Dark side

Posted: October 3, 2011 in Mental Health

Yeah i know that everyone has a dark side, Mary Poppins probably had some deep dark shit going on she never let anyone else see, and just because I have BPD doesnt mean I am any different from the rest of the populace with their own sometimes petty shit going on. I try and keep mine hidden as much as I can, there are times when its hard and I could be doing myself harm by maintaining a nice demeanour in certain company and to be honest I might be doing others a disservice by with holding my true feelings about them or their actions.

In my therapy sessions I bite my lip all the time for fear of offending even when I know what I want to say is stone cold truth and needs to be addressed. I could do what I used to do and blurt out anything that comes to mind, vitriol and bile flow freely and I can injure just as effectively with my tongue as I can with my fists.

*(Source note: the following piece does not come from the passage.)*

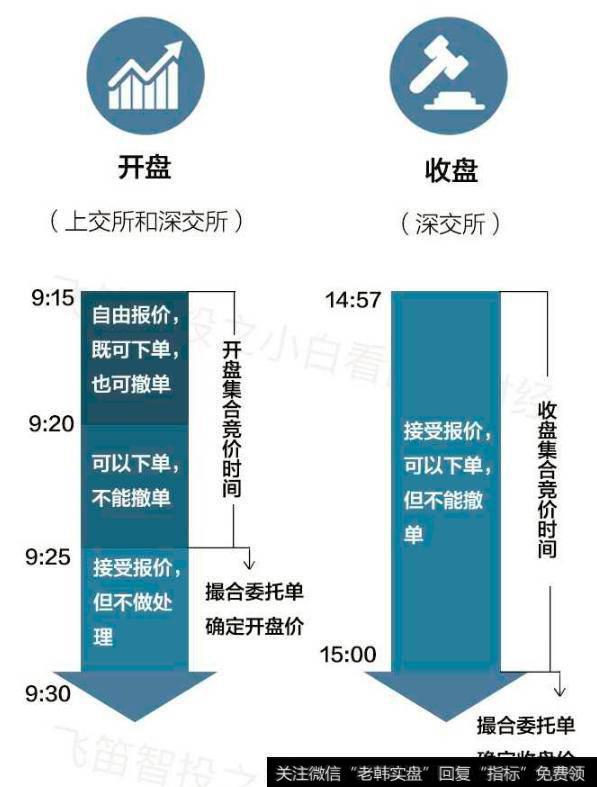沪深交易所的集合竞价
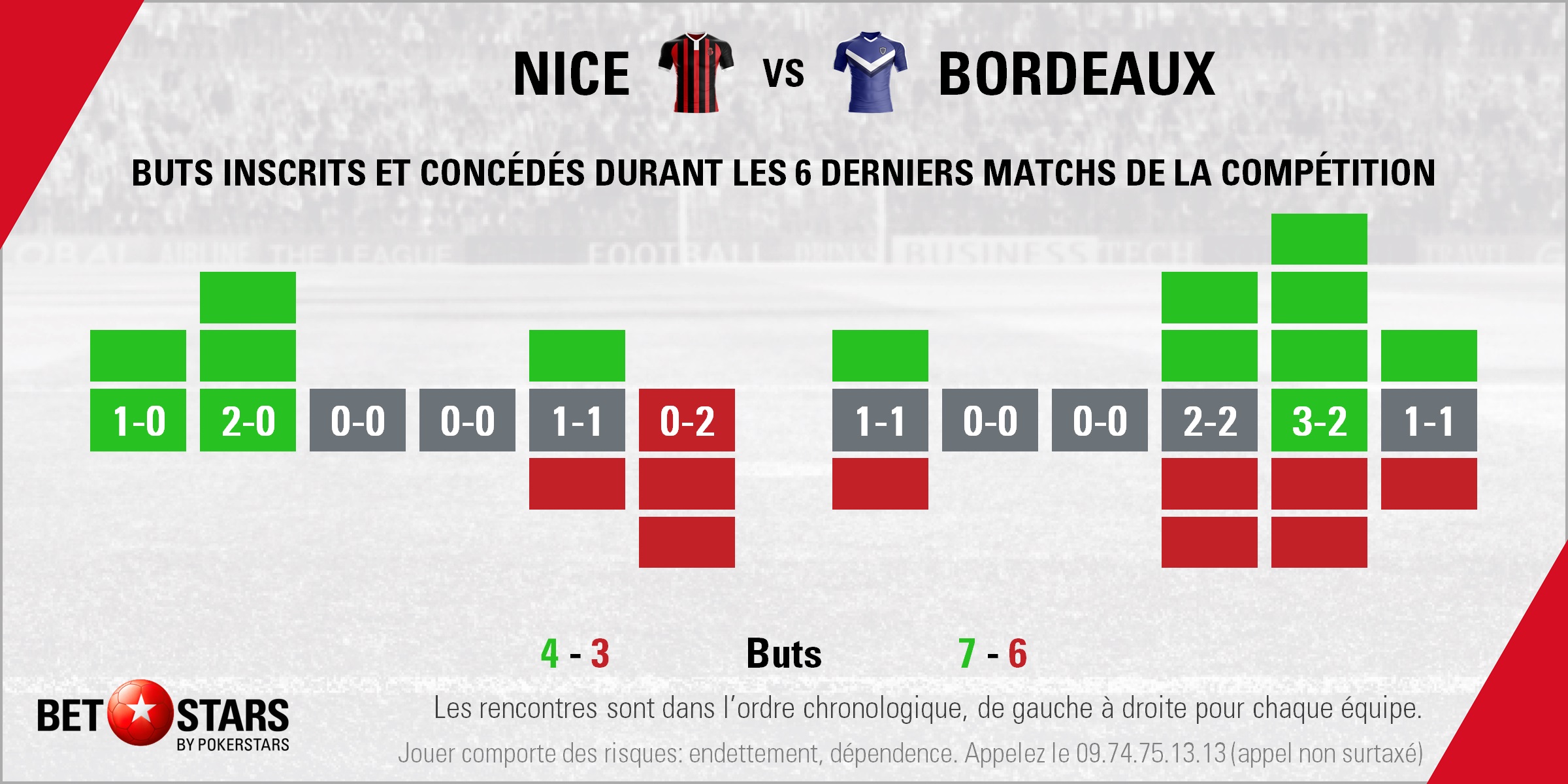 Nice v Bordeaux - FormFR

I spoek to a relative today about their problems and wanted to put them straight ona few matters, not that they were wrong just they had the wrong way of looking at things, in my opinion anyway. they made sweeping generalisations about what we had shared experience wise but they have no idea of what i went through right before their eyes, mainly because they were so busy looking for fault everywhere but where it was really required.

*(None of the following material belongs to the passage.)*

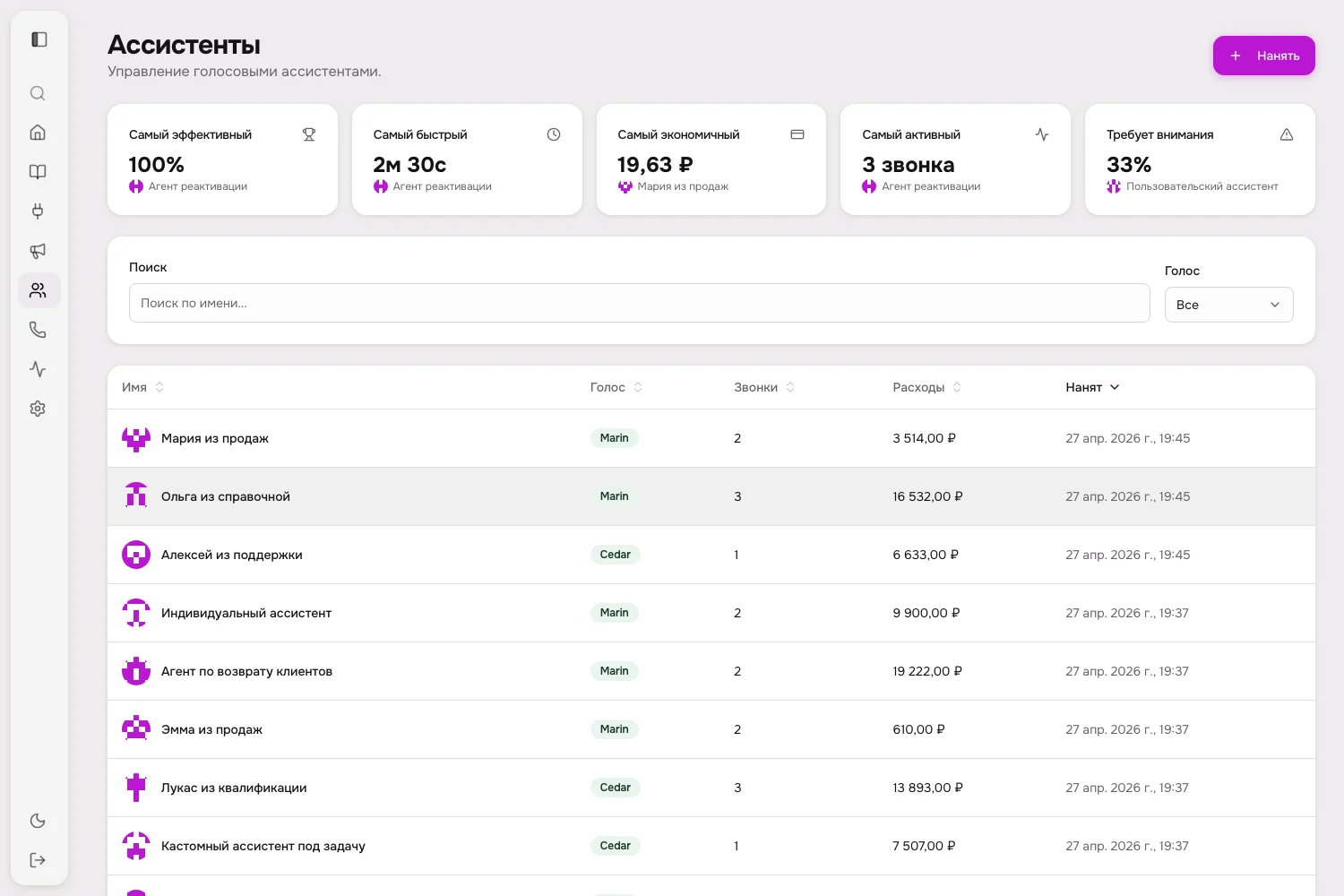 Сетка выбора ролей со специализированными типами ИИ-ассистентов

I can see the shortcomings of people in my life who should have known and done better, I was blind to their faults until therapy made me examine their roles in events, it was hard as they had exemplary status in my mind but upon further investigation they failed me almost as badly as the person I blame most, my Mother. In talking about the dark feelings of loss this person felt i was struck by the fact they didnt seem to realise where my problems came from and to what extent my life had been diminished by it all, clearly in their own self pity they failed to notice the damage done to me by failures of parents, health care professionals and those who wer meant to offer a young boy protection from the worst things in life.

My dark side has parents and they have nurtured this mean spirited soul as much as any parent would a good one, with neglect and derision they fed the fires of hate and despair until it became my real life, so ensconced in this mire was I that i failed to notice the many good fundemental things that pointed to another aspect entirely. Now as I sit here trying to get a grip on the good things I am and do my dark side sulks like a petulant child waiting for his turn to strike back and set the record straight in their favour.

If I do on occasion offend then I think I can expect some leeway, my BPD does have a get out of jail free card quality and if those offended can look beyond the words and see the condition maybe they will embrace the difference in me and help me to garner as much from the bad as I can from the good in me.